Canadian securities regulators are calling on the securities industry to improve the proxy voting process to ensure that shareholder votes are properly counted.

The Canadian Securities Administrators (CSA) Thursday published CSA Staff Notice 54-303 Progress Report on Review of the Proxy Voting Infrastructure, which details its efforts to review the proxy voting infrastructure, and sets out its plans for reform.

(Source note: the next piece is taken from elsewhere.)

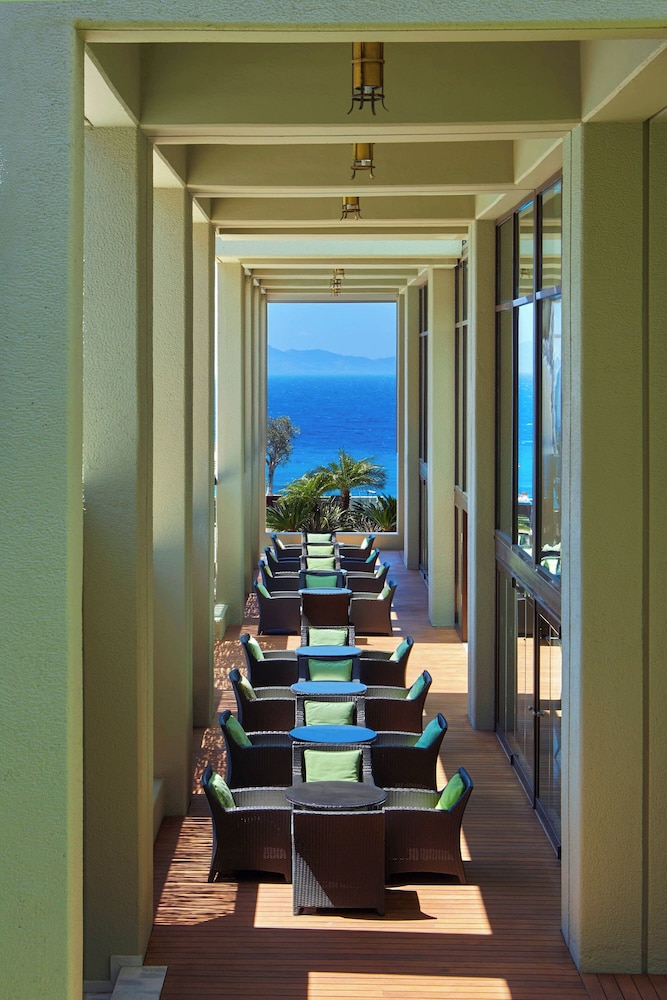 Sheraton Rhodes Resort — Restaurant & bars in Rhodes Town, South Aegean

The report concludes that “the current proxy voting infrastructure is fragmented and needs to be modernized and improved,” and it recommends five improvements to the vote reconciliation process.

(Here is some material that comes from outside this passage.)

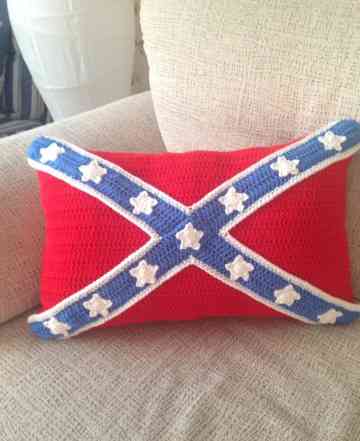 Вязаная подушка "Флаг Конфедерации" (кша)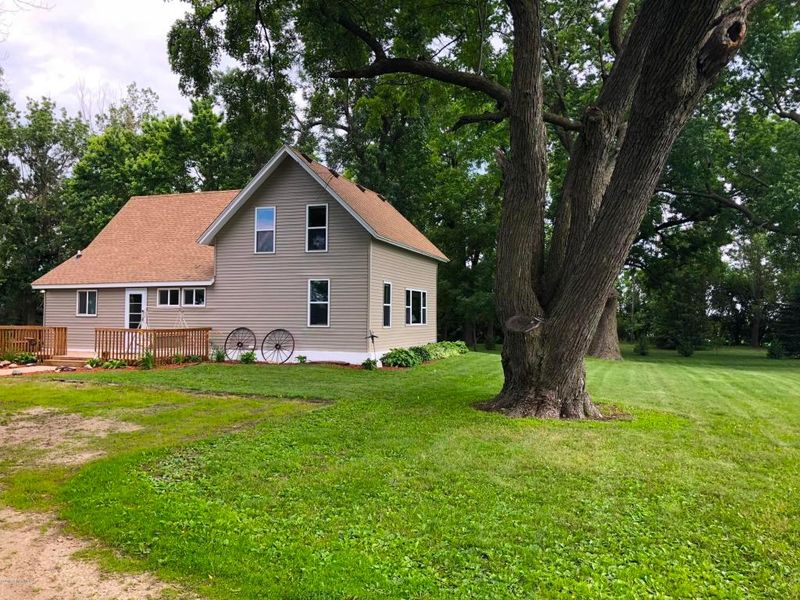 16450 SW 42nd Ave, Ellendale, MN 56026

The CSA’s five proposed improvements include: modernizing the process for shareholder meeting tabulators receiving information about who is entitled to vote; verifying the information meeting tabulators receive is accurate and complete; enabling intermediaries that submit proxy votes on behalf of clients (such as brokerage firms) to find out how many shares a meeting tabulator has determined that it is entitled to vote; increasing consistency in how meeting tabulators reconcile proxy votes submitted by intermediaries to the shares it is entitled to vote; and, establishing communication between meeting tabulators and intermediaries about whether proxy votes are accepted, rejected or pro-rated.

In the short term, the regulators are directing firms that are involved in the vote reconciliation process to determine the steps they can take to improve vote reconciliation for the 2015 proxy season. For the 2016 proxy season, the CSA says that firms involved in vote reconciliation should “develop industry protocols that, at a minimum, address the five required improvements.”

The CSA intends to oversee the development of these protocols — which should specify the roles and responsibilities that depositories, intermediaries, Broadridge, and meeting tabulators have in the vote reconciliation process, and outline the specific steps that they must follow. The CSA says that it will consider mandating certain aspects of these protocols, or regulating these entities, if necessary.

In the year ahead, the CSA also intends to review proxy contests to determine if there are any vote reconciliation issues that are specific to proxy contests (during the past year it reviewed six uncontested shareholder meetings). The CSA says that it also intends to gain a better understanding of investment dealers’ practices and securities lending programs.